Dans Valeurs Actuelles, l’abbé Danziec souligne que la fête de la sainte Valentin masque le grand vide laissé par Mai 68 :
[…] La révolution sexuelle pensait délivrer les désirs humains de leurs contraintes naturelles ou sociales. Elle aura surtout passablement abimé la qualité de leur réalisation. L’ère de la contraception, de l’amour libre et de la décontraction morale a opéré un bouleversement anthropologique majeur dans les relations humaines, et dans ce qu’elles ont de plus intime. Toutes les révolutions ont leur retour de bâtons. La facilité déconcertante avec laquelle est envisagée aujourd’hui l’union de deux êtres dit beaucoup de l’insoutenable légèreté de notre société sur des sujets aussi lourds et sérieux que peuvent être ceux de l’amour, de la fidélité ou de la prévenance de cœur. Non, il n’y a rien d’anodin à déshabiller son être. On ne fait pas l’amour comme l’on fait un gâteau ou un château de sable. Pas plus qu’on ne « fait » la fête ou un enfant. On célèbre quelque chose ; et en cela on offre à l’amour toute sa majesté. On se rencontre, on se retrouve. On échange et on se communique. Dans les choses les plus ordinaires du quotidien comme dans le secret d’une relation. Dans la délicatesse comme dans la tendresse. On se donne d’une façon spéciale. On se transporte aussi. Au final, surtout, on s’élève. Et cela s’apprend. Non pas techniquement, à coup de cours d’éducation sexuelle ou d’objets coquins sensés pimenter ce qui devrait être déjà sublime en soi. Sinon à perdre son âme, l’amour ne saurait devenir un produit de consommation. Imagine-t-on un seul instant le prince charmant assis sur la margelle d’une fontaine proposer à Cendrillon un coup d’un soir ? L’amour, ce ne peut être s’aimer que la nuit. C’est s’aimer pour toujours. La nuance est de taille.

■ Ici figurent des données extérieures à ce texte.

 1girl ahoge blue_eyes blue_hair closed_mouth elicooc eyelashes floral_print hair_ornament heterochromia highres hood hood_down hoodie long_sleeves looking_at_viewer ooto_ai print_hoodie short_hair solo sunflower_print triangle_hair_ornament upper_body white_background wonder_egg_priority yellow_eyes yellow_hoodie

Le 9 février dernier, lors de ses grands entretiens sur la chaine parlementaire (LCP), Maïtena Biraben a ainsi recueilli sur son divan les confidences de Brigitte Lahaie. Invitée particulière parce qu’ancienne actrice de film pour adultes dans les années 70, celle qui est désormais une animatrice parmi d’autres sur Sud Radio s’inquiète : « Je pense vraiment que si les gens étaient plus heureux dans leur vie amoureuse, la société irait mieux. » Mais comment cette dernière pourrait-elle aller mieux quand on la prive de toute transcendance et que l’on nie à cette vie amoureuse les exigences liées à sa survie ? Aimer son conjoint, aimer son pays, aimer sa famille, aimer son Seigneur imposent des sacrifices et réclament fidélité. L’appétit de l’autre, la complétude que l’on trouve dans la fusion des cœurs demande un pas à pas, une approche lente et progressive, un dévoilement prudentiel. Tout le contraire du déshabillage empressé, de « la hâtive et irrépressible jouissance, la brûlure que donne au corps le seul contact d’un corps, le plaisir gâché et gaspillé » dont parle Brasillach avec un indéniable talent dans l’une des plus belles pages de son roman Les Sept Couleurs. Le monde érotisé ne rend pas les gens davantage heureux. Le tout sexuel réduit l’amour humain à sa pesanteur terrestre quand, au contraire, sa dimension charnelle devrait lui donner des ailes.
La Saint-Valentin, loin de célébrer l’amour vrai, exploite les passions humaines pour mieux en tirer profit. Et se rire d’elles ensuite. Or l’ironie de l’amour libéré est sévère. 50 ans après mai 68, à l’heure de tous les possibles et de toutes les permissivités, l’état de l’amour dans la société, entre scandales à répétition et prolifération des célibataires, laisse à désirer. Plutôt que de jouir sans entrave, il est temps de rappeler qu’il s’agit plutôt d’aimer sans limite. Jusqu’à l’oubli de soi. Jusqu’au don de sa vie. Et parfois même son sacrifice. Le sublime ou un ouvrage intime nécessite des efforts, du courage, de l’abandon. De la patience aussi. Si Rome ne s’est pas faite en un jour, l’amour ne saurait se dessiner en une nuit. Il est le travail d’une vie. Et selon saint Jean de la Croix, nous serons même jugés sur lui.